▶ _Work required_
Everything in the records below except the images should be output exactly as written.
==== Data to process ====
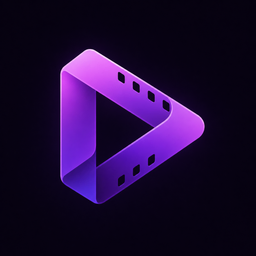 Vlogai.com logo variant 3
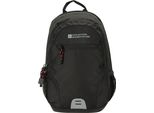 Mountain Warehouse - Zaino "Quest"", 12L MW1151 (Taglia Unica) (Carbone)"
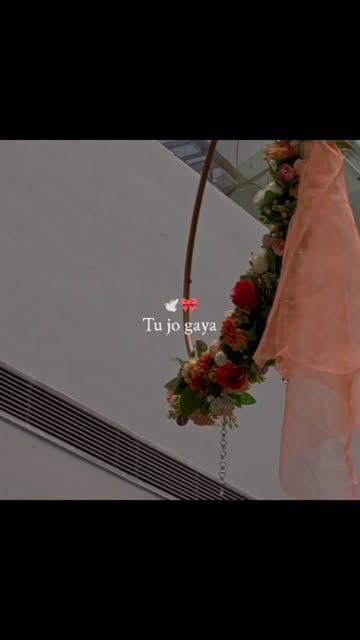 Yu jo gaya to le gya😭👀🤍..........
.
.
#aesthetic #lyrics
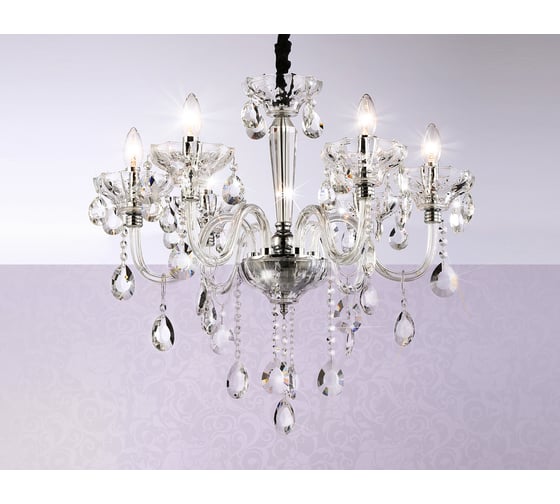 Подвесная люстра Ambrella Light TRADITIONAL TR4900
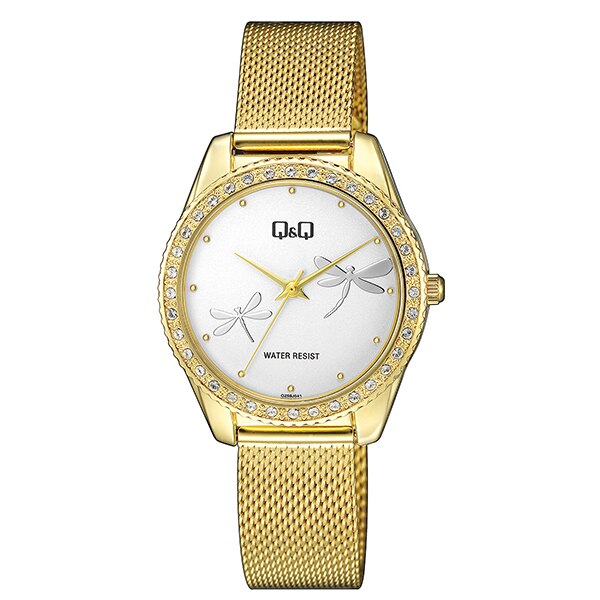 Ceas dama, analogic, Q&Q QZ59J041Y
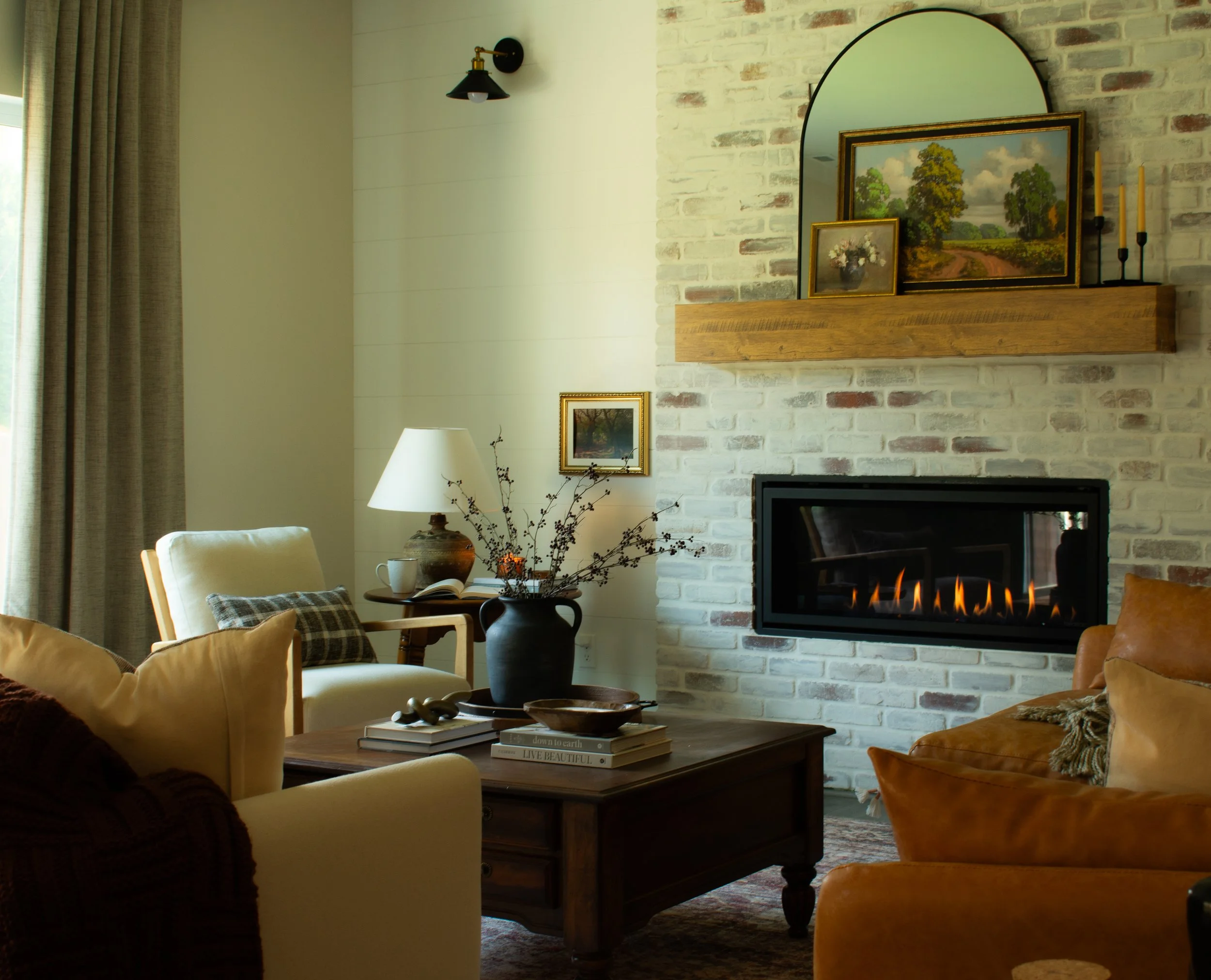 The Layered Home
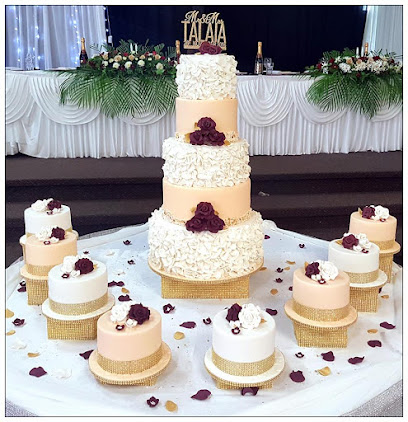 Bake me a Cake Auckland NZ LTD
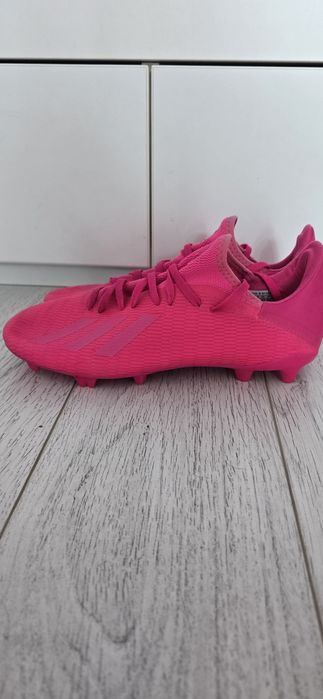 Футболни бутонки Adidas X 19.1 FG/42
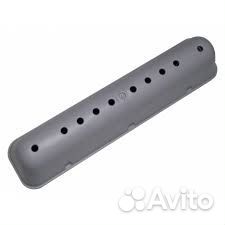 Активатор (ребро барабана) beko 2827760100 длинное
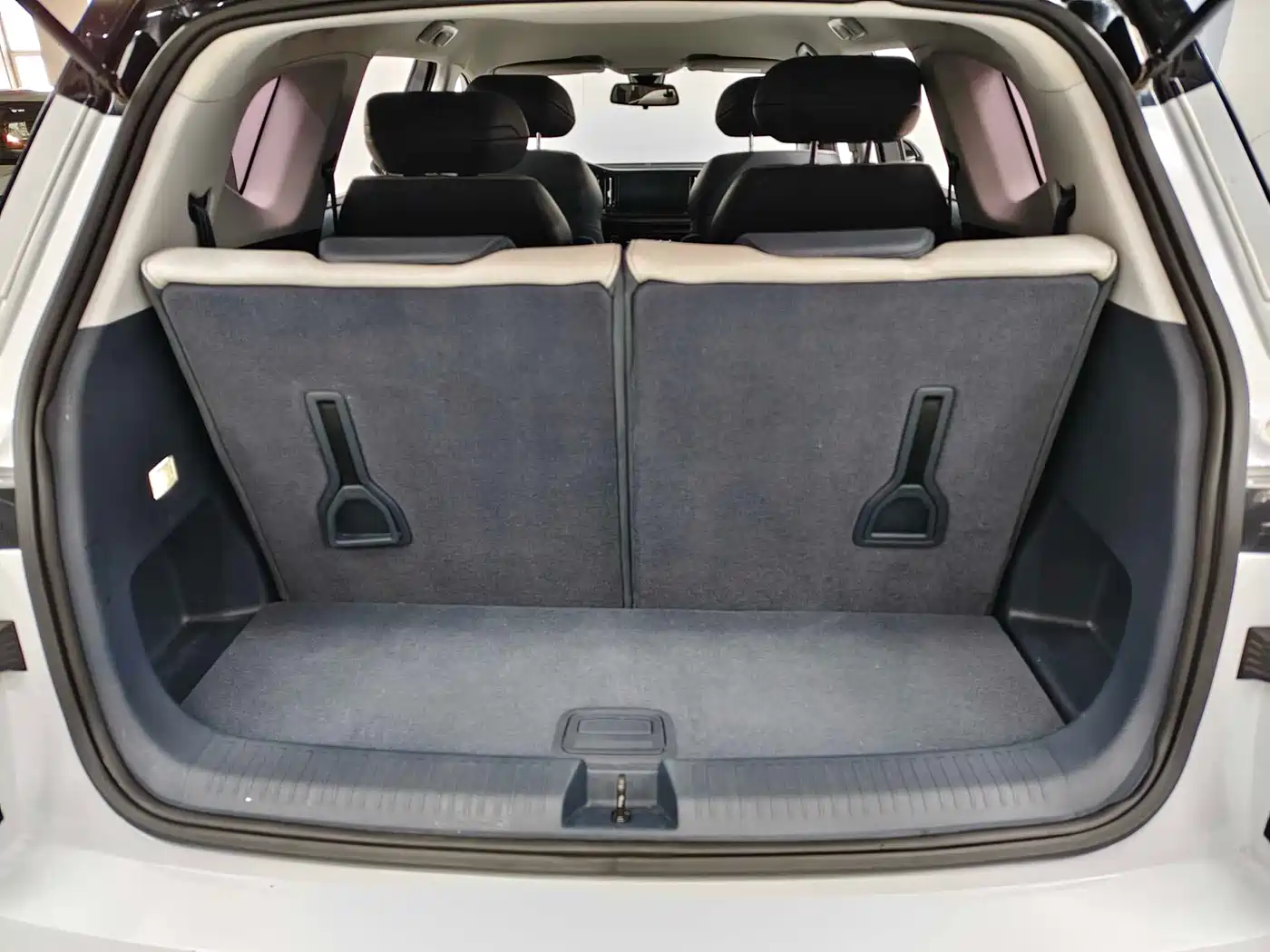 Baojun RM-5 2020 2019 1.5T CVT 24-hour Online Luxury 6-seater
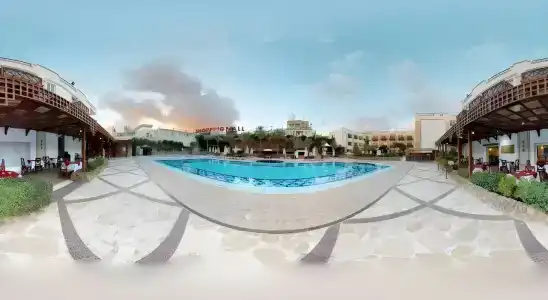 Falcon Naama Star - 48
====
▶ _Answer box_
 Vlogai.com logo variant 3
 Mountain Warehouse - Zaino "Quest"", 12L MW1151 (Taglia Unica) (Carbone)"
 Yu jo gaya to le gya😭👀🤍..........
.
.
#aesthetic #lyrics
 Подвесная люстра Ambrella Light TRADITIONAL TR4900
 Ceas dama, analogic, Q&Q QZ59J041Y
 The Layered Home
 Bake me a Cake Auckland NZ LTD
 Футболни бутонки Adidas X 19.1 FG/42
 Активатор (ребро барабана) beko 2827760100 длинное
 Baojun RM-5 2020 2019 1.5T CVT 24-hour Online Luxury 6-seater
 Falcon Naama Star - 48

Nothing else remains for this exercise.